How to use Semgrep to Uncover Log4j Vulnerabilities

Aviram Shmueli writer profile image
By Aviram Shmueli
Jit Logo
Edited by Jit Team

Updated March 5, 2024.

how to use semrep to uncover log / vulnab

The 9th of December 2021 brought one of the most widespread vulnerabilities in the modern technological era. If your business was affected by the Log4j vulnerability, you likely remember this day for all the wrong reasons. This vulnerability allows arbitrary code execution on the Apache Log4j library, used by some of the biggest names in Tech. Think Apple, Microsoft, Cisco, IBM - the list goes on. 

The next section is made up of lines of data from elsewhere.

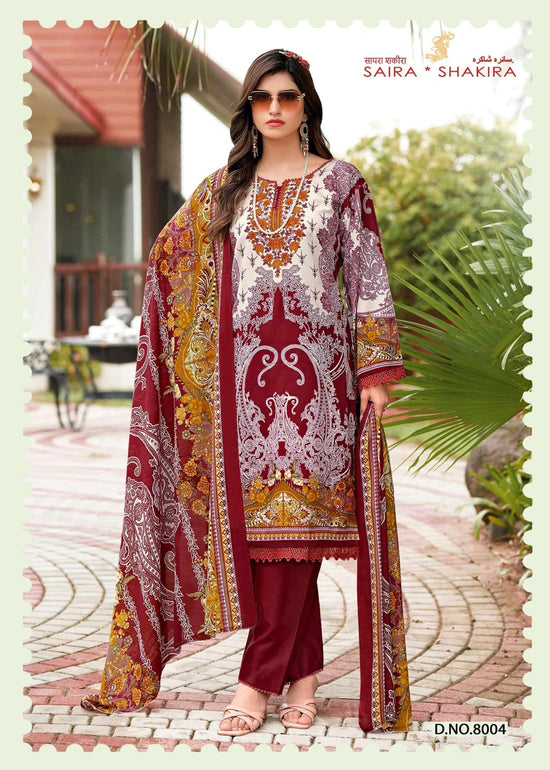 GANESHA SAIRA SAKIRA VOL-8 Cotton Unstitched Pakistani Suit - Amrah Wholesale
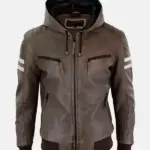 Premium Men's Caspian Genuine Brown Leather Jacket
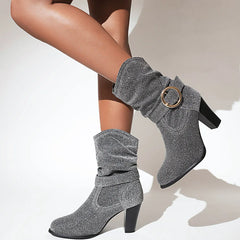 Pointed Toe Square Root Mid-Calf Boots Shiny Buckle Party Shoes Woman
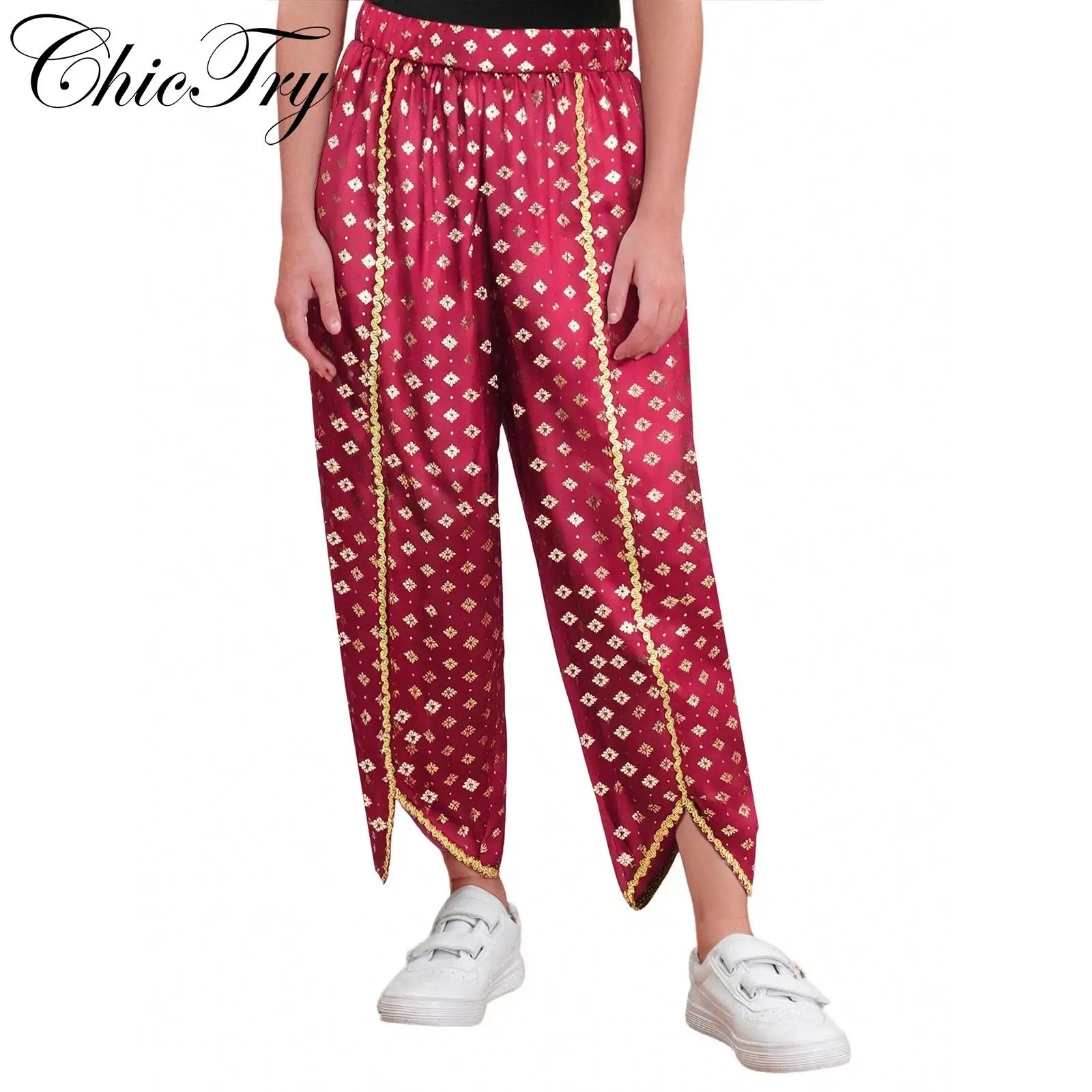 

Kids Girls Indian Dress Up Dhoti Gold Trim Metallic Floral Print Satin Pants for Cosplay Fancy Party Halloween Carnival Roleplay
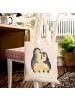 Mr. & Mrs. Panda Shopping Tasche Pinguin umarmen ohne Spruch in Creme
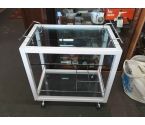 DESSERTE A ROULETTES METAL ET PLATEAU VERRE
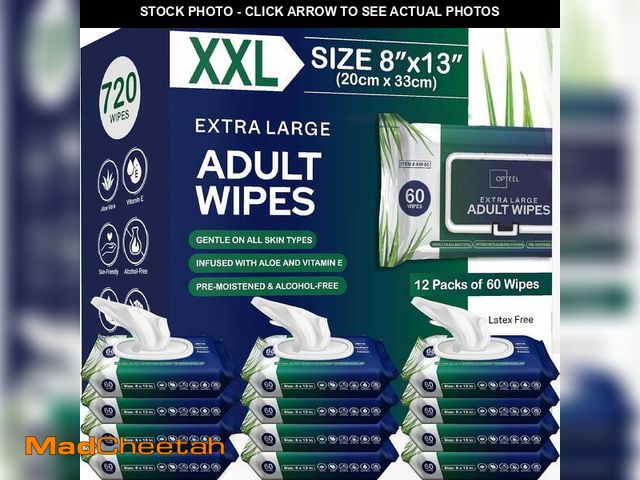 Lot 74-12677744 - Adult Wipes For Elderly - 8"x13" 720ct (12 Packs of 60) Huge &amp; Soft Non-Flushable Body Wipes for...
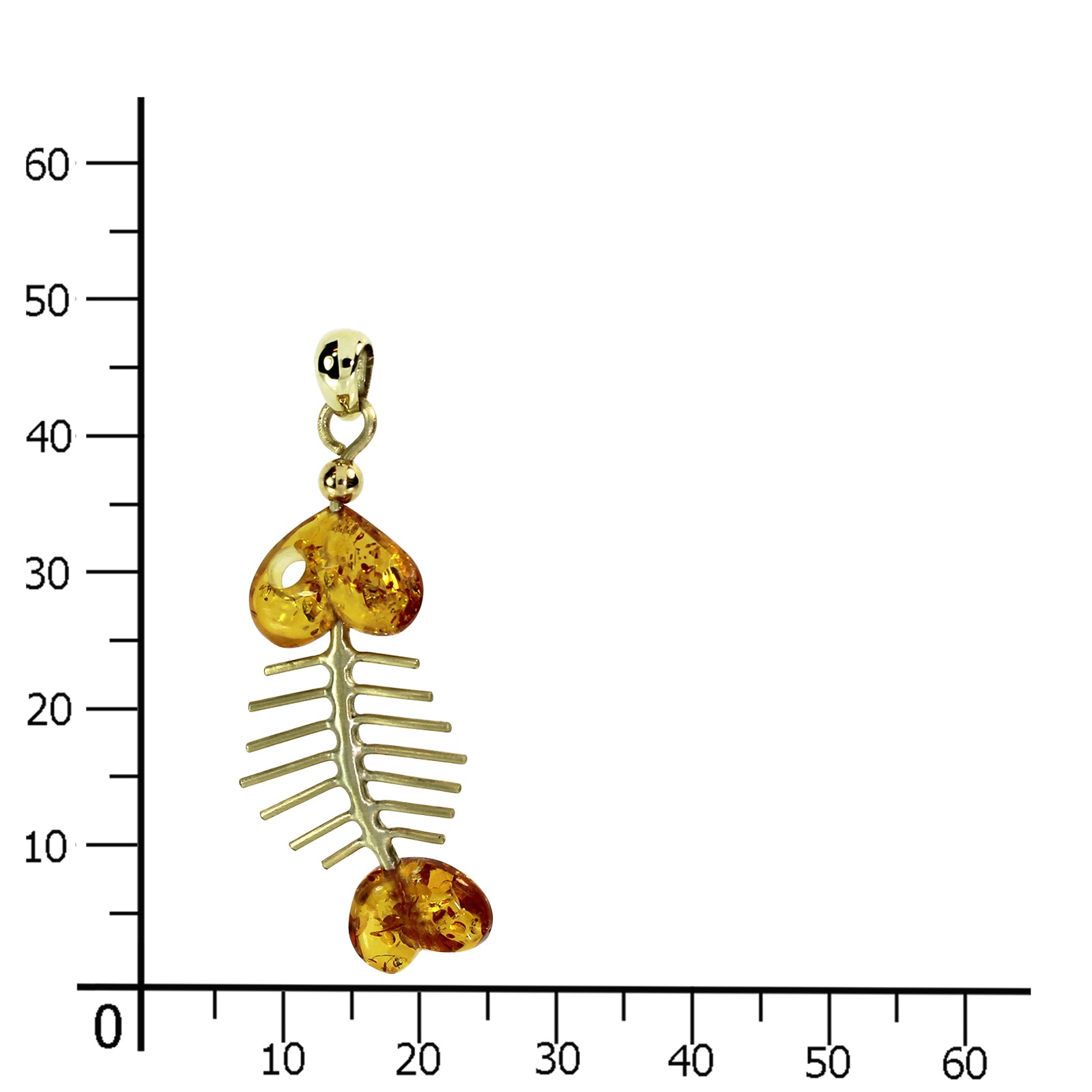 OSTSEE-SCHMUCK Kettenanhänger »- Fisch 45 mm - Gold 333/000 - Bernstein« ()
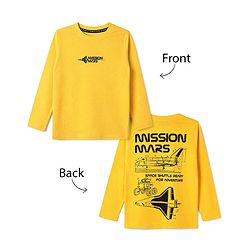 Pine Kids 100% Cotton Knit Full Sleeves T-Shirt with Front and Back Space Shuttle Print in Yellow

Checkpoint recorded over 800,000 exploitation attempts within 72 hours after the Log4j vulnerability became public. The risks were so dangerous that the Common Vulnerability Scoring System (CVSS) ranked Log4j 10 out of 10 in severity. That’s the first time a 10/10 is NOT what you want to hear. 

But over a year has passed, and developers have been working overtime to develop solutions. Tools such as Semgrep play a vital role in today's operations, making it fast and efficient to identify bugs and dependency vulnerabilities while enforcing code standards. In this article, we'll talk about Log4j and how to use Semgrep to identify Log4j and similar vulnerabilities proactively.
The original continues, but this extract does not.